## Directions
Go through the listing below and retype exactly the lines starting at the one with "Cierre total del" and ending at the one with "2/5/10/20 pcs 6", skipping pictures.

## Data section
________________
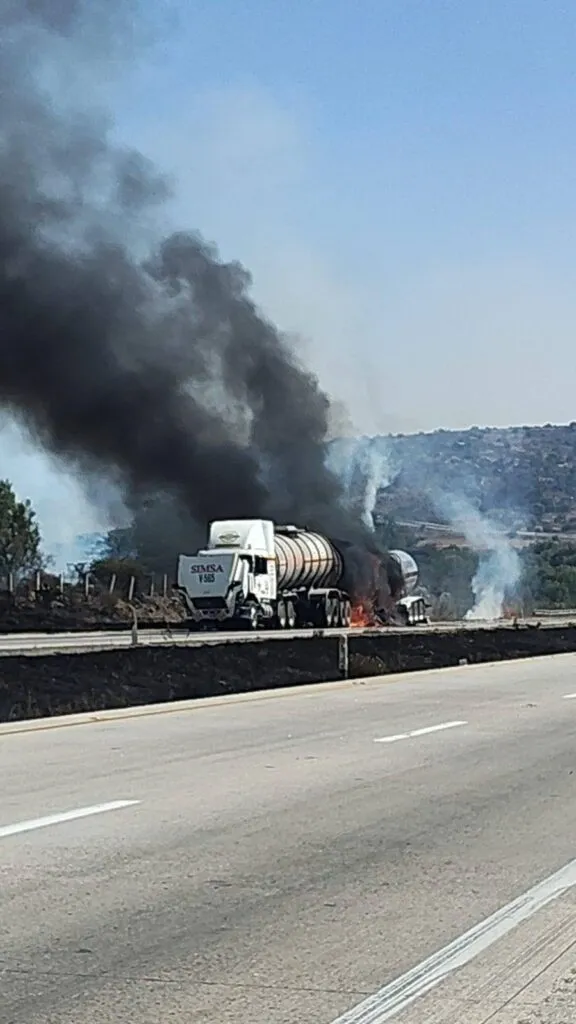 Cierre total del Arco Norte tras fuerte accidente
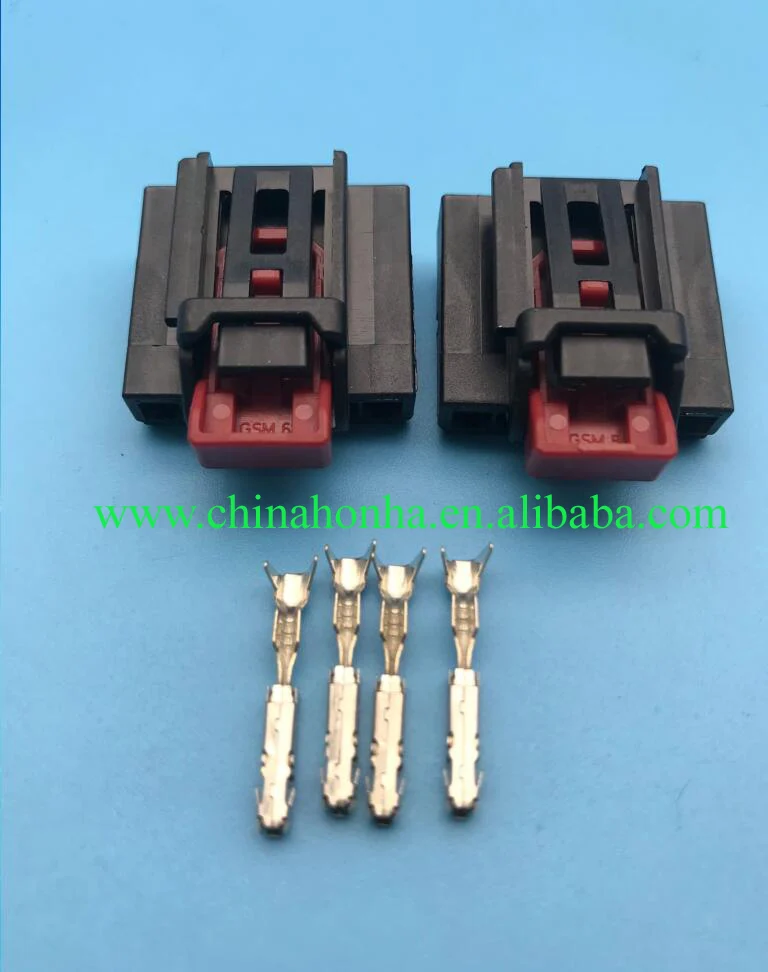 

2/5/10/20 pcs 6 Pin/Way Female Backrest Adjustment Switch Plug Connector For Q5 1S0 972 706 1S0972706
________________
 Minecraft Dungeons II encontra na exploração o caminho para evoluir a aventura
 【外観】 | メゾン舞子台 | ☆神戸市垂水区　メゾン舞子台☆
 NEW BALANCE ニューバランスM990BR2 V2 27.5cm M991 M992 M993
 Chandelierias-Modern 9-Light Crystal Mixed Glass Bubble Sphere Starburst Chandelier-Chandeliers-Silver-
________________
## Task output
 Cierre total del Arco Norte tras fuerte accidente

2/5/10/20 pcs 6 Pin/Way Female Backrest Adjustment Switch Plug Connector For Q5 1S0 972 706 1S0972706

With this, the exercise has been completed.